His Majesty and other members of the royal family were due to return to the cathedral on Tuesday evening to take part in a vigil beside the Queen’s coffin.
The King was due to have audiences with Sturgeon and the Scottish parliament’s presiding officer, Alison Johnstone. In a statement, Sturgeon described the Queen as “the anchor of our nation” and pledged support to Charles “as he continues his own life of service and builds on the extraordinary legacy of his beloved mother Queen Elizabeth – the Queen of Scots.”
King Charles is the first British monarch to accede to the throne in Scotland since James VI of Scotland became James I when Elizabeth I died. It may help him bind the union, some suggest, and many people in Edinburgh voiced gratitude that Scottish people had been such a central part of the ceremonials, which would not have happened had the Queen died in England.
But antipathy to the monarchy is higher in Scotland than the rest of the UK, polling timed to the Queen’s jubilee in March showed. While across England, Scotland, Northern Ireland and Wales 58% still want to keep the monarchy, the number falls to 45% in Scotland, British Future found.
The effect of Charles’s accession on Scottish independence is an open question. The crown was unified in 1603 under James I and the parliaments did not join until 1707, and some pro-independence leaders, including Sturgeon, want an independent Scotland to retain the monarch as head of state.
Chris McEleny, the general secretary of the pro-independence Alba party, has described that as “an absurdity”. Salmond, who now leads the Alba party, has said the effect of Charles’s accession will be only “on the margins”. But Adam Tomkins, a professor of constitutional law at Glasgow University, sees it as “quite a dangerous moment”.
“Nobody is going to vote yes [for independence] rather than no because a 96-year-old woman has died, but identity politics is about sentiment,” he said. “The Queen was held in much greater affection than any of her children. There are quite a few people who are thinking this isn’t the end of a life but the end of an age.”
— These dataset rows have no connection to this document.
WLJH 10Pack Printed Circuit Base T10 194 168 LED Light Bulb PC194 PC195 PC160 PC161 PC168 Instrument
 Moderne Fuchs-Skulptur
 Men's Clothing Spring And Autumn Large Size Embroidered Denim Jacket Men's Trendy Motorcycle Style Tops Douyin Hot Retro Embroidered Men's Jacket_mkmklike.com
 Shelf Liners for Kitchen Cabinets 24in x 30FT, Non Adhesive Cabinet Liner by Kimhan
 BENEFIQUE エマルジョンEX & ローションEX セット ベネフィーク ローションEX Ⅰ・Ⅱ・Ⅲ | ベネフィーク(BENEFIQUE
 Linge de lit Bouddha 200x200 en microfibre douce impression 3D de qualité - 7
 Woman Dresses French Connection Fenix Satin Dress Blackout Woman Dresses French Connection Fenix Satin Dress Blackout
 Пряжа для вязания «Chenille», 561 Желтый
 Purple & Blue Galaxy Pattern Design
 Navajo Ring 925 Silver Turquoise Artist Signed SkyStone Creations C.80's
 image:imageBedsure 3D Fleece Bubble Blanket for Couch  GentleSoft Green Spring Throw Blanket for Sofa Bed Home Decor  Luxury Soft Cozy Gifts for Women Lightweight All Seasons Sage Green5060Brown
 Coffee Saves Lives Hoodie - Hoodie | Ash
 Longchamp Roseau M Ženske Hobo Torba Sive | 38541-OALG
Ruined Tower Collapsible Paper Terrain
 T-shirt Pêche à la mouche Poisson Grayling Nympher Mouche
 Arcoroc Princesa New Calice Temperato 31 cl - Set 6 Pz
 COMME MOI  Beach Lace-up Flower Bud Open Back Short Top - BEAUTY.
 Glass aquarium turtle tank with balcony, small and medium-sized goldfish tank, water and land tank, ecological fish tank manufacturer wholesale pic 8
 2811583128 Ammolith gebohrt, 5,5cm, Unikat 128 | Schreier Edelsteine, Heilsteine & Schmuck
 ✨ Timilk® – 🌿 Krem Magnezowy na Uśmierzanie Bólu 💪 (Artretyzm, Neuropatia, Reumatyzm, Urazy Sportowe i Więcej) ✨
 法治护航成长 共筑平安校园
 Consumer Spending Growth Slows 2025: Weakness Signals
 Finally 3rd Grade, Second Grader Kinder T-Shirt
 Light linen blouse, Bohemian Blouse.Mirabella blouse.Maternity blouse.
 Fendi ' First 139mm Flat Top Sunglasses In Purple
Tomkins said: “[The royals] are seen as [representative] of a certain part of Scotland – rural, farming and aristocratic – which exists in Aberdeenshire, Perthshire, the Borders and Dumfrieshire, and nowhere else. The vast majority of the urban population see this as historic and rarefied and not part of the modern Scotland.”
Malcolm Fraser, the convener of Common Weal, a pro-independence thinktank, described the transition as a “sideshow”. The question of who is the head of state was a matter of personal taste, he said, but “there are more democratic emergencies affecting Britain. We are more concerned about the parallel coronation of Liz Truss by a small elite.”